Alexander Edelweiss - 11.08.2019, Vara
- 11.08.2019
Cosmin Nicola - 06.07.2019
- 06.07.2019
Dorin Cristea - 29.06.2019, Vara
- 29.06.2019
Dorin Cristea - 08.11.2018, Vara
- 08.11.2018
Iuli Darie - 26.08.2018, Vara
- 26.08.2018
Andrei Vlad - 26.08.2018, Vara
- 26.08.2018
Adrian Scurtu - 25.05.2017, Vara
- 25.05.2017
Andrei - 28.06.2014
- 28.06.2014
Vlad Grigore - 28.06.2014
- 28.06.2014
Dorin Cristea - 08.07.2007, Vara
- 08.07.2007
Adi Min - 01.01.1900, Vara
Lucian Apostu - 01.01.1900
Andrei Dumitrache - 01.01.1900
Andrei Dumitrache - 01.01.1900

Users who wish to climb the route


Iuli Darie

Discover route videos made by those who have climbed it


Video - Bogdan Boja - 31.08.2018

Map



GPS: N 45° 32' 51.3" E 25° 13' 19.8"    
Access route: From the Chalet Plaiul Foii go on tourist's mark red triangle to the Refuge of Hopes and then continue on the same marking on the Girdle Ciorânga Great up to the 3rd valley (the first valley is Vâlcelul with Window, 2nd Vâlcelul with Rhododendron and 3rd Canyon Ciorânga Great). We on the valley and immediately on the left as you climb we have the entry in the route.
Retreat route: From the point in which I went out catch a path frail, to the right, and continue on it through a portion of jnepeni?, first, and then through the grass toward the trail Book at the Top. Get here in a few minutes, next to a small saddle and continue on the path, now clear and wide, to the right. After crossing two ravines, figure out the unmistakable silhouette of the Needle from the Pulpit (good place for photo and the rest).

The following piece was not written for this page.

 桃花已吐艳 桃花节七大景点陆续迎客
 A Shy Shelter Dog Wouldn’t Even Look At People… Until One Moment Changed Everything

From here, descend obliquely to the right (the direction of travel) in the thread Vâlcelului with Rhododendron and we're careful, on the left side at the Window. It descends at first on a trail good, subsequently on the line through the scree. Pass through Window in the Vâlcelul with the Window where the descent is elementary (just a couple of helpful light). At the end of the Vâlcelului with the Window intersect the path marked red triangle on the Girdle Ciorânga Large in the vicinity of the Refuge of Hope. Make a left on this trail and we reach in 5 min to the Refuge.